Given entries:
BEGIN

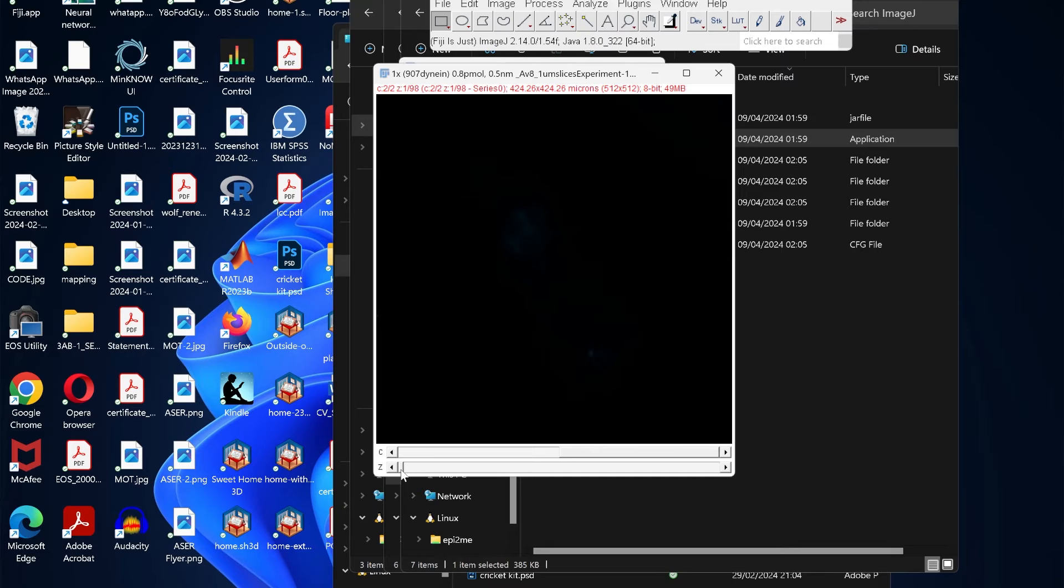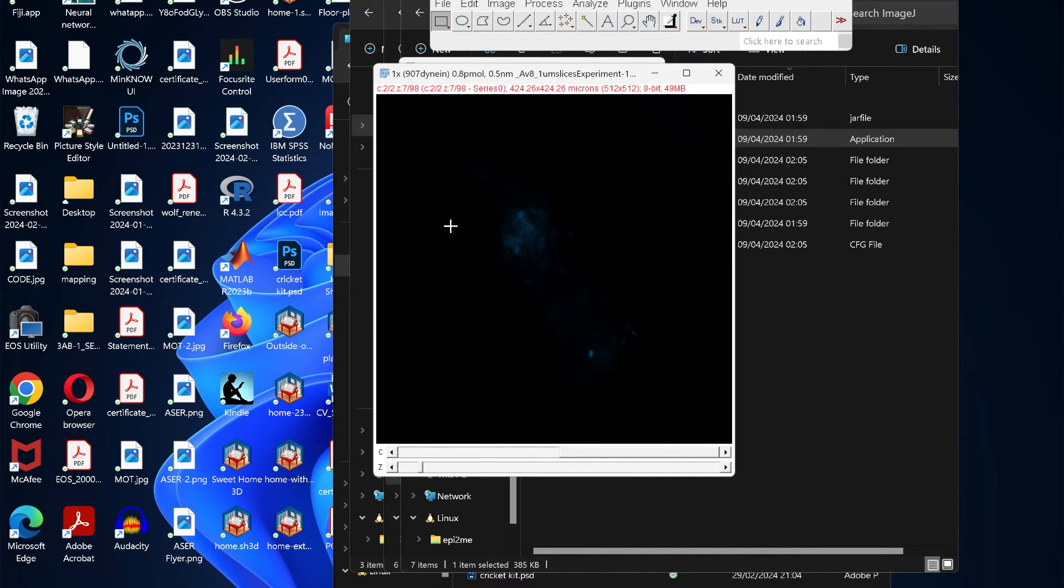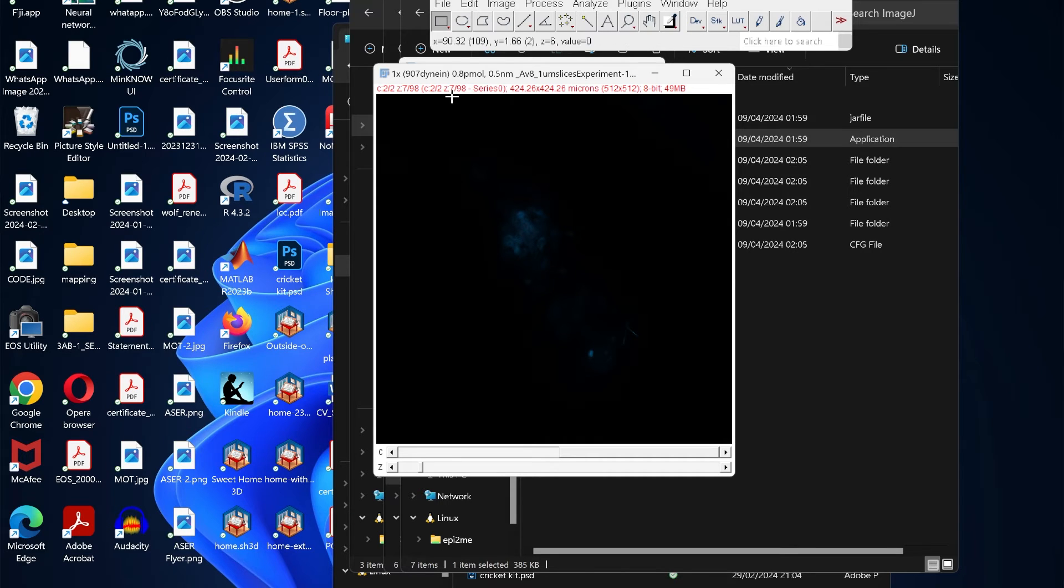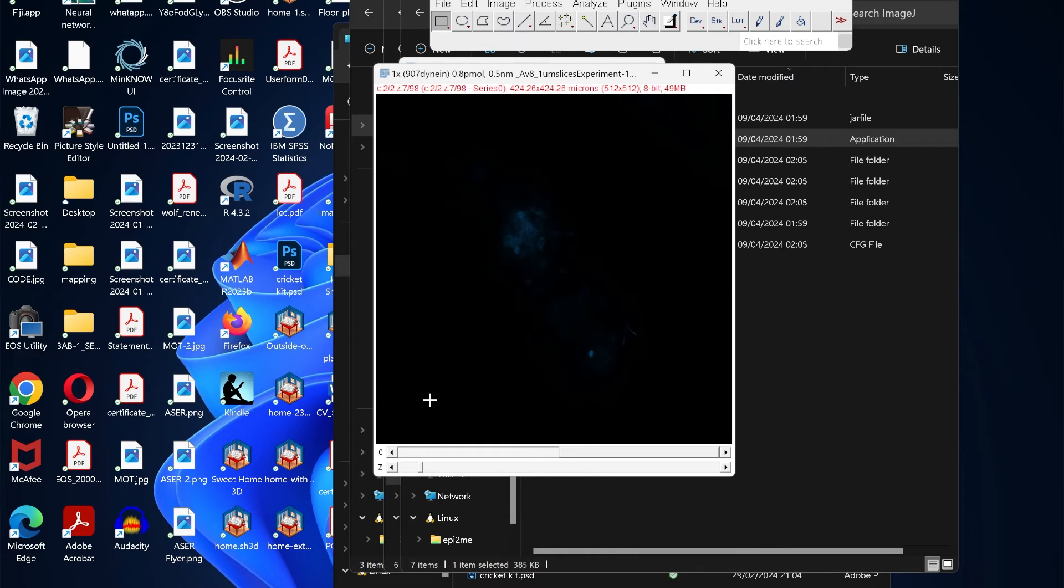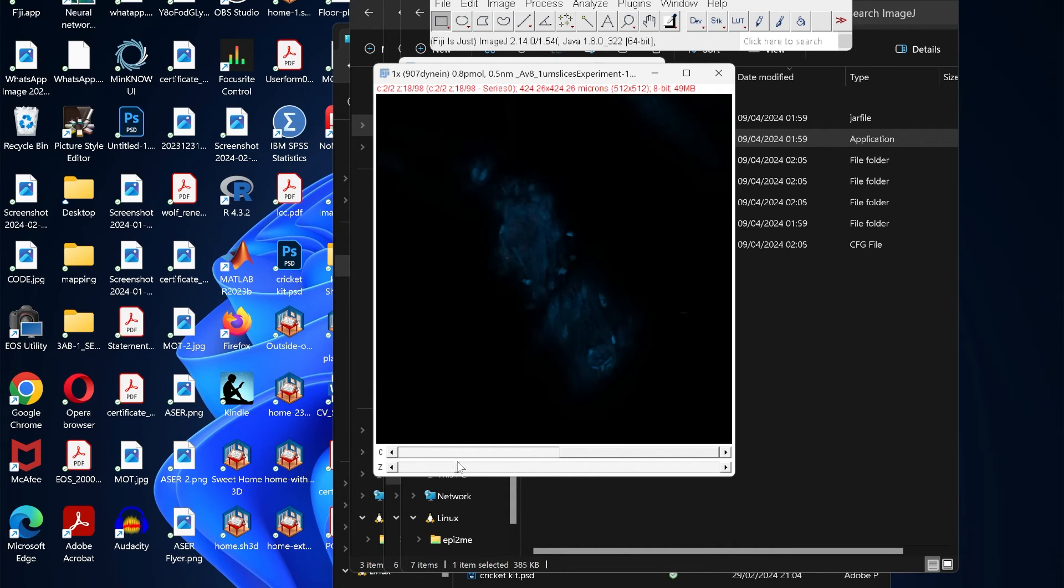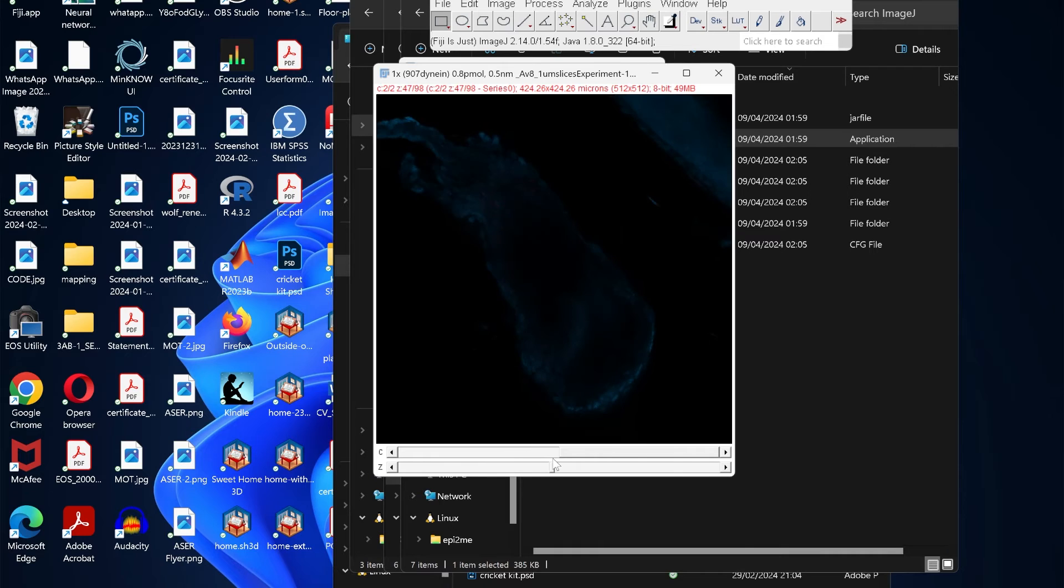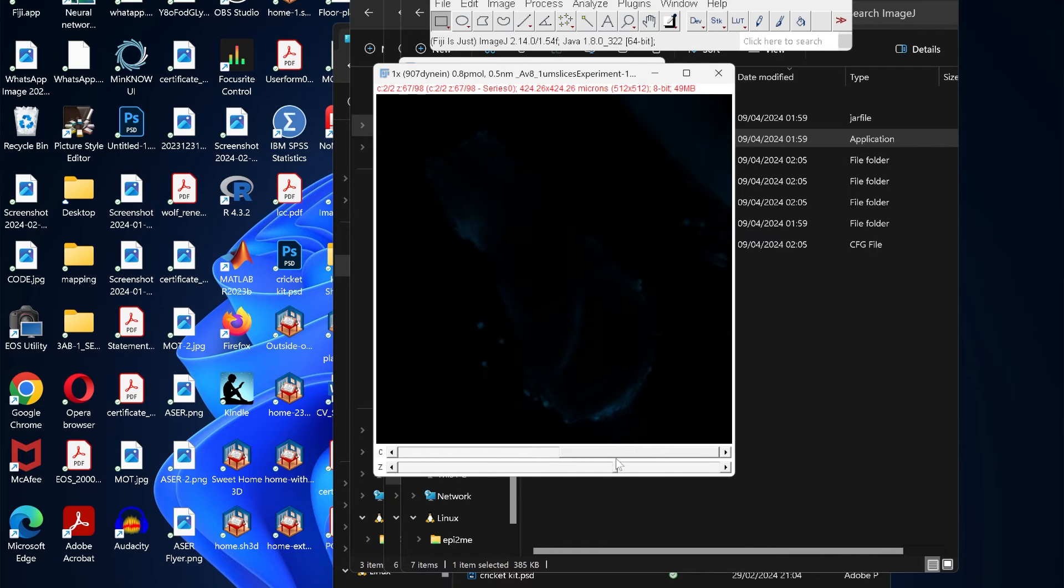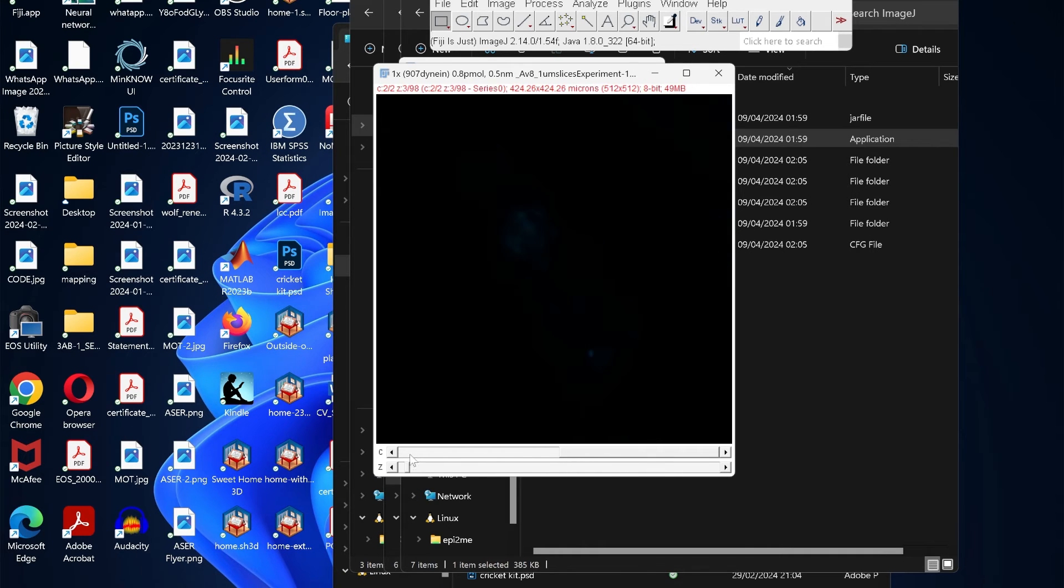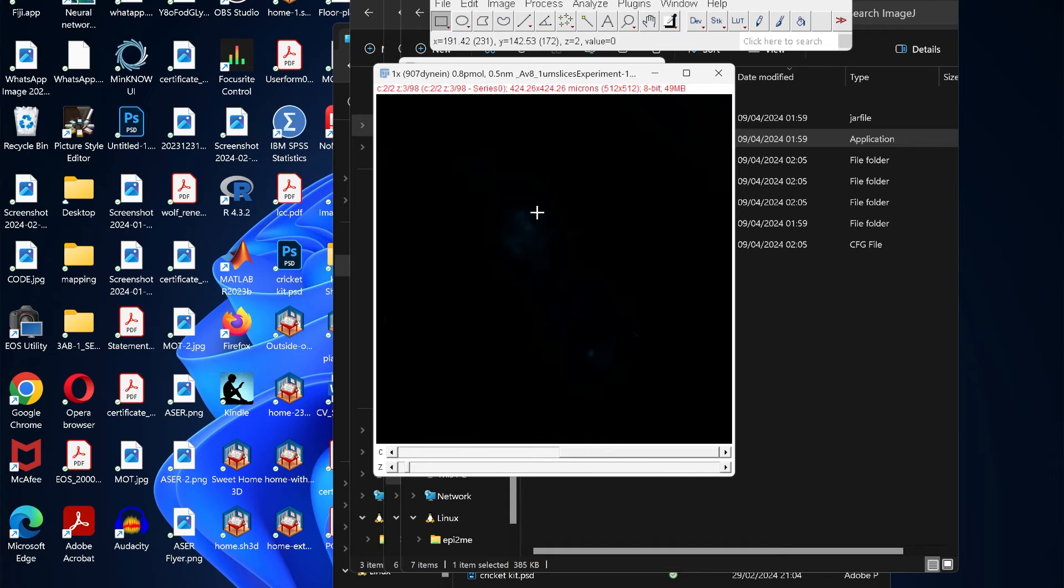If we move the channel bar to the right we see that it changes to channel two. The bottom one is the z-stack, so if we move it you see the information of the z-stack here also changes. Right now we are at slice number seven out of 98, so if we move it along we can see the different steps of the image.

END
BEGIN

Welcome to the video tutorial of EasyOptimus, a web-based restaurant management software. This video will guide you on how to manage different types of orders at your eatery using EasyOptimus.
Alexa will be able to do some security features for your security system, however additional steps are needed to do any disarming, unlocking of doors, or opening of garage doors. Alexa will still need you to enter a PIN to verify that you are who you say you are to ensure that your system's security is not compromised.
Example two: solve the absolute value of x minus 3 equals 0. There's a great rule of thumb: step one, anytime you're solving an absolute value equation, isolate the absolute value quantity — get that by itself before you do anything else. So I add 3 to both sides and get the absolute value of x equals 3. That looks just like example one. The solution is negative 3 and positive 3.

END

Your goal:
Copy every line above that includes the string "will".

Exercise result:
Welcome to the video tutorial of EasyOptimus, a web-based restaurant management software. This video will guide you on how to manage different types of orders at your eatery using EasyOptimus.
Alexa will be able to do some security features for your security system, however additional steps are needed to do any disarming, unlocking of doors, or opening of garage doors. Alexa will still need you to enter a PIN to verify that you are who you say you are to ensure that your system's security is not compromised.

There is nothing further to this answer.